Requirement: Give the lines below again, exactly as they stand, and leave out the images.

Dataset extract:
============================================================
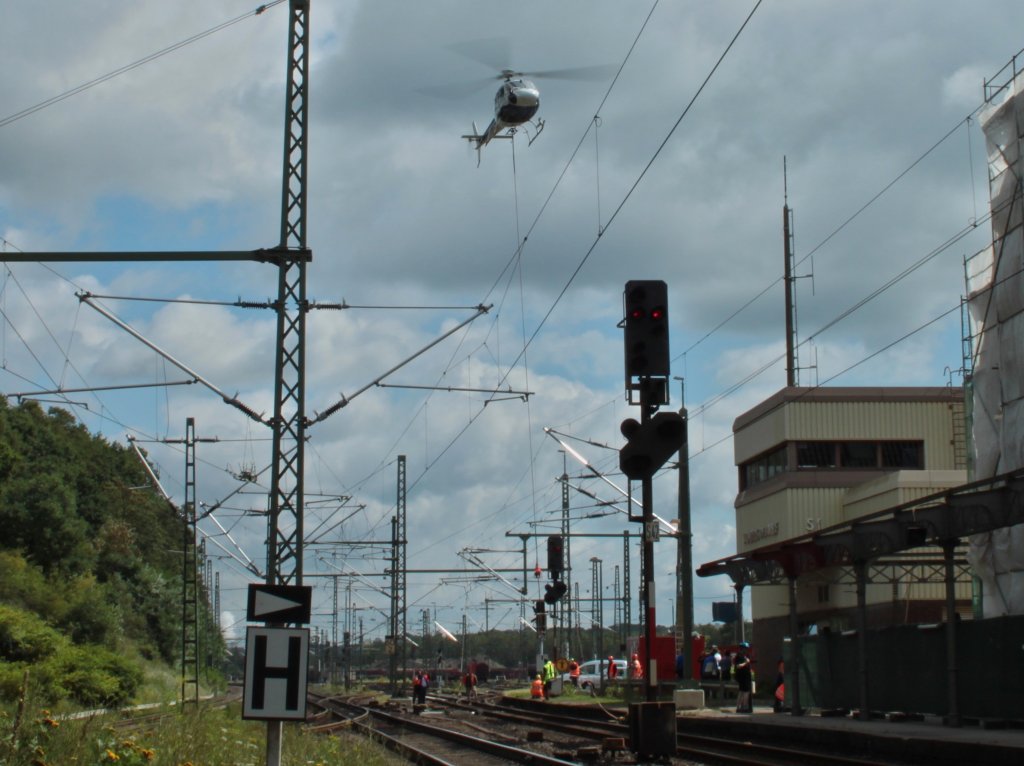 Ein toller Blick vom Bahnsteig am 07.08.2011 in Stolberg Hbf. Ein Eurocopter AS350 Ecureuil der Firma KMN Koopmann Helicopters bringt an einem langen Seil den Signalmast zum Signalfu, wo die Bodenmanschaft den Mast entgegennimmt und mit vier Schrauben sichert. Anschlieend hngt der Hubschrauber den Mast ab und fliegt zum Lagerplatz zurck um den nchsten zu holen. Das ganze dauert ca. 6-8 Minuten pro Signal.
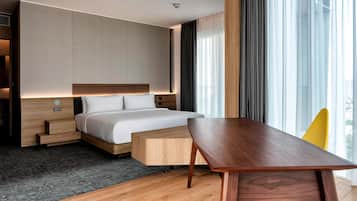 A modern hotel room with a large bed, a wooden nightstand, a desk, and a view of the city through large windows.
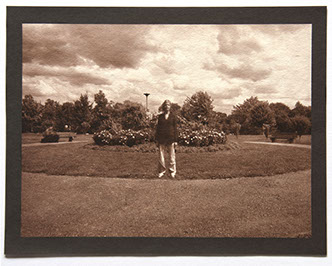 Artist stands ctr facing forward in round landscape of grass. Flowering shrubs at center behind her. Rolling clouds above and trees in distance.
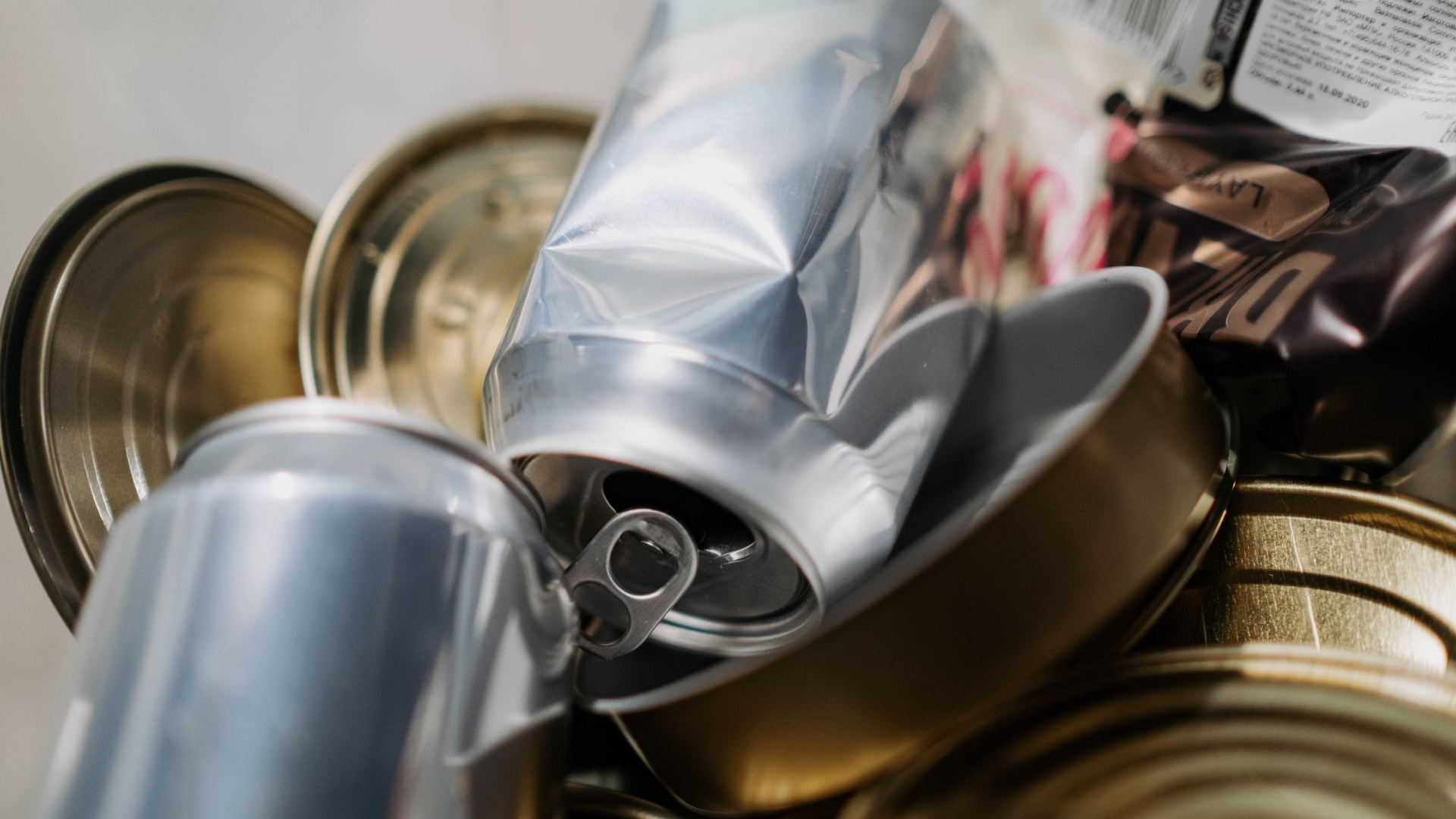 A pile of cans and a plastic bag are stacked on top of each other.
============================================================
Response area:
 Ein toller Blick vom Bahnsteig am 07.08.2011 in Stolberg Hbf. Ein Eurocopter AS350 Ecureuil der Firma KMN Koopmann Helicopters bringt an einem langen Seil den Signalmast zum Signalfu, wo die Bodenmanschaft den Mast entgegennimmt und mit vier Schrauben sichert. Anschlieend hngt der Hubschrauber den Mast ab und fliegt zum Lagerplatz zurck um den nchsten zu holen. Das ganze dauert ca. 6-8 Minuten pro Signal.
 A modern hotel room with a large bed, a wooden nightstand, a desk, and a view of the city through large windows.
 Artist stands ctr facing forward in round landscape of grass. Flowering shrubs at center behind her. Rolling clouds above and trees in distance.
 A pile of cans and a plastic bag are stacked on top of each other.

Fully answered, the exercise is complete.